### ACTION ITEM
Nothing outside the lines below from the one containing "Perché è importante" through the one containing "jadeh_williams — 70" is to be printed; print those exactly, ends included, and drop the pictures.

### RECORDS PROVIDED
★ ★ ★
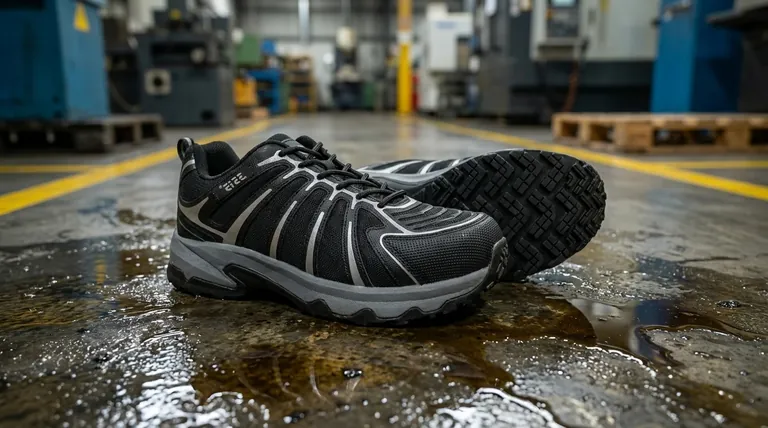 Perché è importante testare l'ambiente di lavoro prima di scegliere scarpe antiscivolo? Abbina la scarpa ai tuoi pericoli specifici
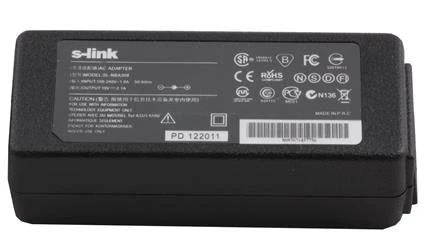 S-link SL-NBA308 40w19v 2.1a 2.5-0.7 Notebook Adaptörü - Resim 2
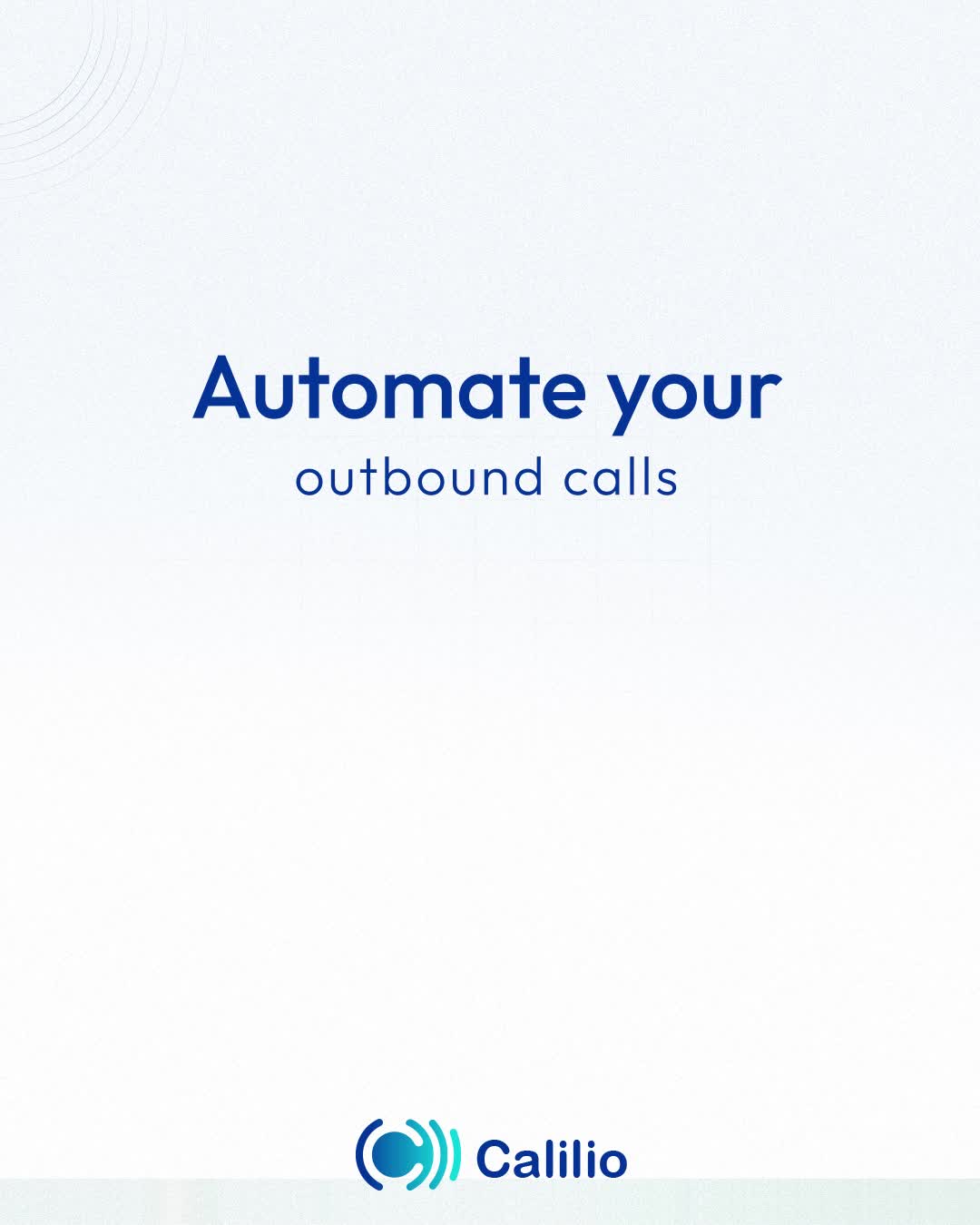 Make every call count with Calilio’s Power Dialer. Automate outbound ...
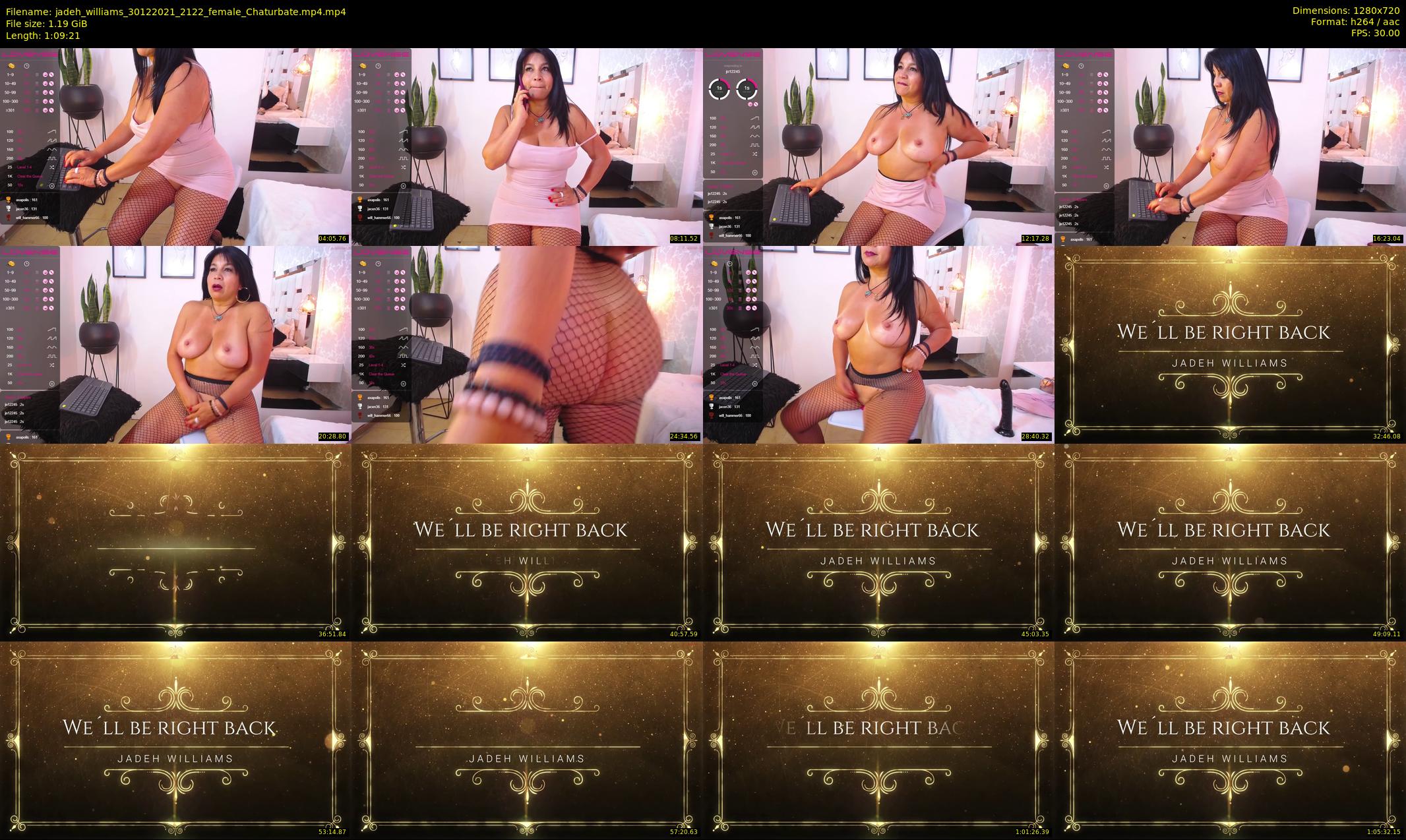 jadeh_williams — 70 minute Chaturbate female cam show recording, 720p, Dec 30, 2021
★ ★ ★
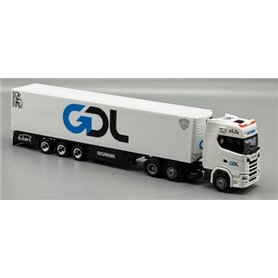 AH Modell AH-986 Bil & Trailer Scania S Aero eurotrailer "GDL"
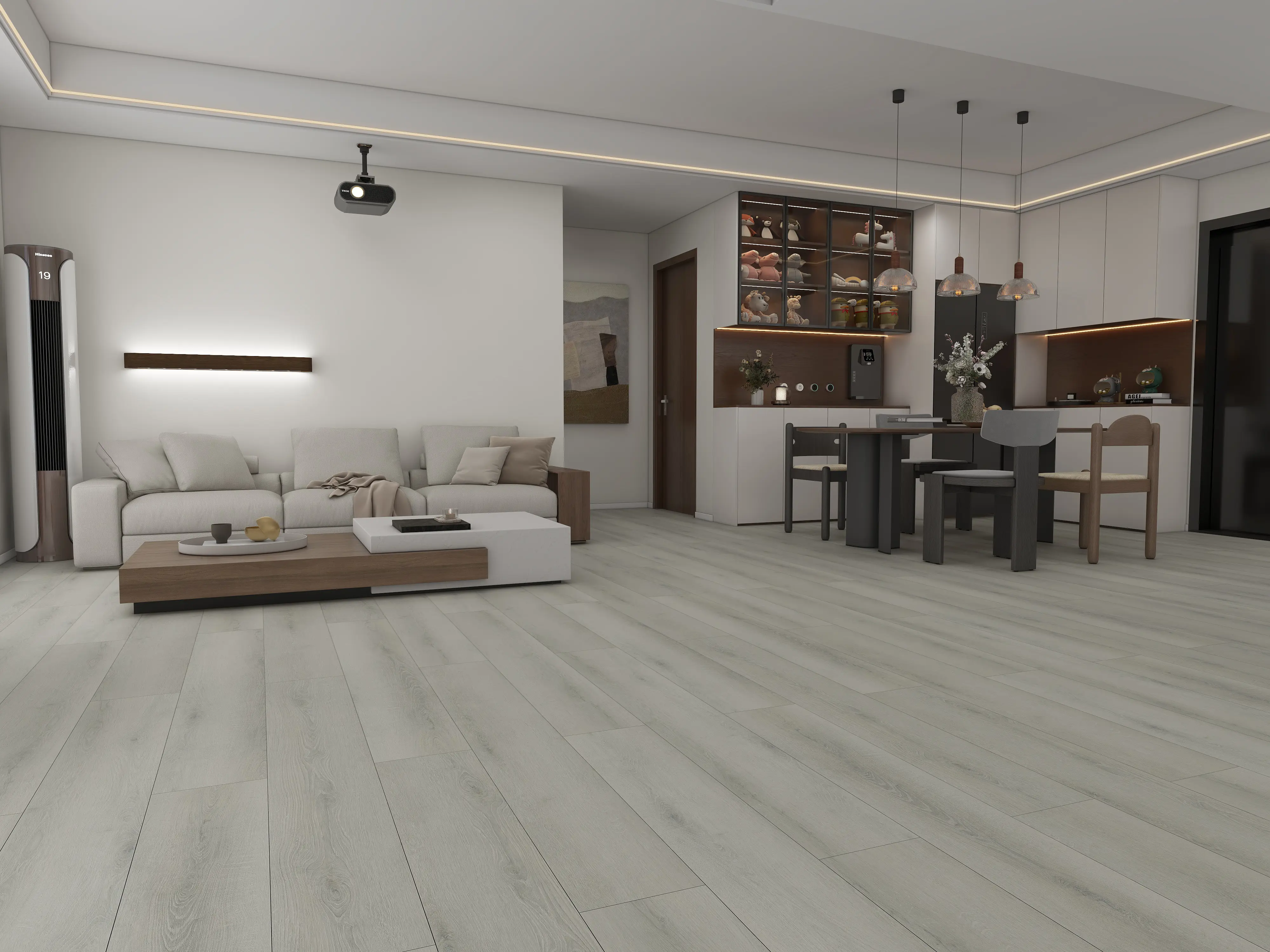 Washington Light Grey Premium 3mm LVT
★ ★ ★
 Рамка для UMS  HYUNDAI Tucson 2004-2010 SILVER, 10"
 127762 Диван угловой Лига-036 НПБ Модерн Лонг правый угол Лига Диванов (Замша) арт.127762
★ ★ ★
### REPLY
 Perché è importante testare l'ambiente di lavoro prima di scegliere scarpe antiscivolo? Abbina la scarpa ai tuoi pericoli specifici
 S-link SL-NBA308 40w19v 2.1a 2.5-0.7 Notebook Adaptörü - Resim 2
 Make every call count with Calilio’s Power Dialer. Automate outbound ...
 jadeh_williams — 70 minute Chaturbate female cam show recording, 720p, Dec 30, 2021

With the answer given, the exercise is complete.